Dara where is the dividing line between awareness of time and time, awareness of space and space? These fundamentals exist outside the knowing of them, and hence represents distinct primitives? Monism has answers this I believe.
Theres an argument to be made that subjective experience includes ONLY consciousness. Try long enough to find the boundary between a sight and your awareness of it. The field of vision IS colors, not objects spitting colors at me. It is made of color. Then the next step is find the difference between the color and my seeing of it and my awareness of the sight of it. There is no difference, just raw color/consciousness. Again not consciousness OF color. Just colorness/awareness. All attempts to find the boundary between the color and my awareness of it will end in a recognition that I am mentally superimposing this boundary via imagination. It’s not there. Seeing light is lightness/awareness, not awareness of seeing light, not even awareness of light. Just light. Just awareness. It is MADE of awareness. Same with thoughts and feeling (sensations) and other perceptions. It is all MADE of consciousness.
I agree with a lot of this strongly up until it gets to panpsychism - which I'm not necessarily against but I think it has some particular weaknesses, particularly matching human experience. I look, for example, at what comes of people really playing with their subjective experiences over decades in traditional settings for that sort of thing as well as the accounts of NDE's and it seems more like what we're dealing with is functionalism with multiple realizability - ie. that having one's 'I' experience leak out or project itself into or onto something else is one of the more common mystical experience claims. There is, for example, another terminology for Ned Block's China Brain - they've been known for a long time in such groups as egregores. I get that the appearances issue, such as the craziness question of whether electrons can be conscious, would apply here even more so but I'd have to hope that - just like the giggles are wearing off a bit on thinking electrons - that people might also ask the question of whether ridiculousness of a China brain might only be a problem when it's considered at the wrong order of intensity.
I can assure you there are spirits are coherent biophotons - I have seen them - but light is not the same as formless awareness. de Broglie's Law of Phase Harmony explains it - the "Pilot wave" is formless awareness when light is turned around to zero - there is a secret relativistic mass of light as the hidden momentum or phonon energy that is reverse entropy. I have more details on my blog ecoechoinvasives.blogspot.com
Voidisyinyang Voidisyinyang This looks interesting, but what you have written here and on your blog seems aimed at people who already have been introduced to your general line of thinking, examples and terminology. I am interested in understanding your point of view. Is there something else you have written as an introduction to it all? Can you explain what you are talking about in this statement from your blog?: "I hear my echo in the echoing wood -- simultaneous reception of echoes results not only in the incorrect separation of clocks within a moving chain; also asynchronicity of those clocks. Clocks necessarily get entangled through time dilation; spin-echo phase-decay leads to a loss of coherence of a single clock. Phase coherence in the spin has the uncanny property of reversing the time flows backwards. We feel vibrant buzzing, hear uplifting tonal hum inside...always music in our heart and head" Thanks!

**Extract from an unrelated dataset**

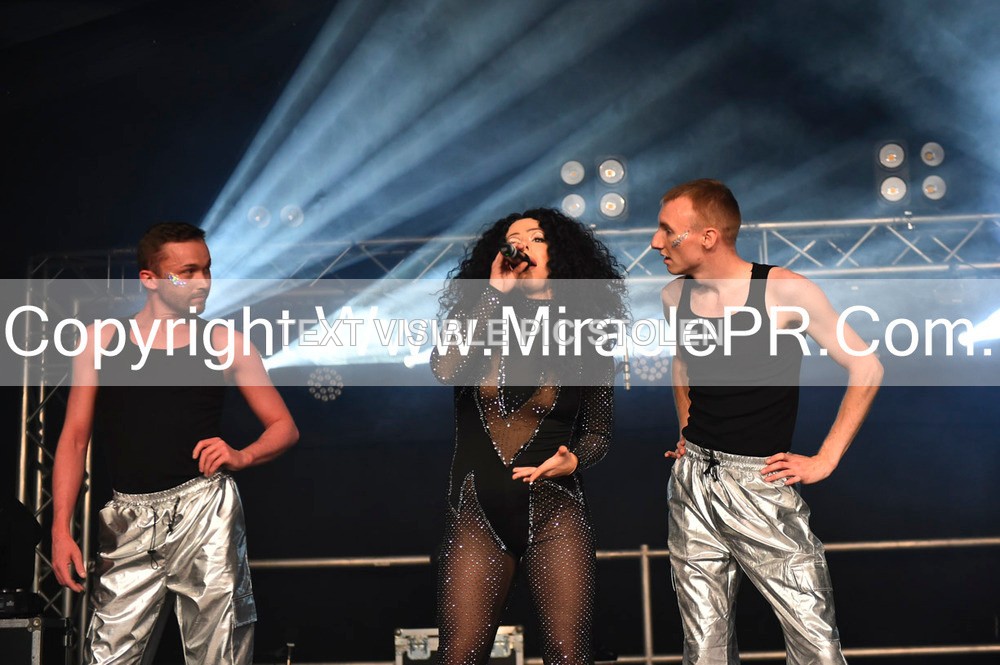 SH4_6257 - The Cher Experience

@@voidisyinyangvoidisyinyang885 My intuition has been that as light "pushes" from past, gravity "pulls" from future. Are you suggesting some kind of reversible-time theory of light, along the lines of CPT-symmetry? The problem is that both pull and push are aspects of irreversible time.
@@santerisatama5409 in de Broglie's Law of Phase Harmony there is no symmetric rest frame. I just did an upload on Basil J. Hiley who quotes Einstein stating that Heisenberg's algebra means the symmetric spacetime continuum has to be removed. So time is inherently asymmetric and eternal motion with the future and past overlapping in a superluminal nonlocality. We can listen or logically infer this through meditation. I have the training manual as my first upload. The virtual photons are then absorbed and this violates the conservation of momentum. Sir John Pendry just proved this with his Archimedes Screw circularly polarized light experiment. thanks
Can you explain why the physicalist approach is problematic? Can it not describe qualia as an emergent product of physical firing, driven by evolution. Consciousness as a competitive system that creates strong illusions to survive.
Idealism is always appealing, but hard to cash out into a coherent vision that explains why the “game” of believing in objective matter works so well. Even if idealism is true it’s AS IF matter existed, and deflating that distinction is very hard to do intelligibly. But perhaps not impossible. And maybe it’s just really too complicated a process to parse. Subject/object relations (mind/matter) relations are deeply embedded in how mind relates to itself. Maybe this is what German idealism was about.
How would, the knowledge that the firing of certain neurons causes pain, be expressed outwardly, if the neurons are firing weather they intrinsically feel pain or not.
jchandler1963 The idea is that the pain is what the firing neuron *really is* on the most fundamental level. In this view, our apparent spatio-temporal picture of the neuron’s behavior is merely what the neuron looks like from the outside. I think this is quite natural. Why should we expect ourselves to be able to use mere sense data to divine the fundamental intrinsic nature of the world? It seems to me that the best we might expect *A Priori* from our sensible faculties are pragmatic isomorphisms to objects in the outside world-not exact replications of the fundamental natures of such objects. So, it’s kind of the inverse of the way you posed it. The pain is what actually physically exists, and the interactions of that phenomenon with the rest of the physical world are what causes this apparent spatio-temporal structure we call a neuron in such-and-such a state. Russellian Monism posits that this is the case with everything. Everything has an intrinsic nature at its ontological basis, and physical science only reveals superficial models of how the world behaves, not the character of its intrinsic nature.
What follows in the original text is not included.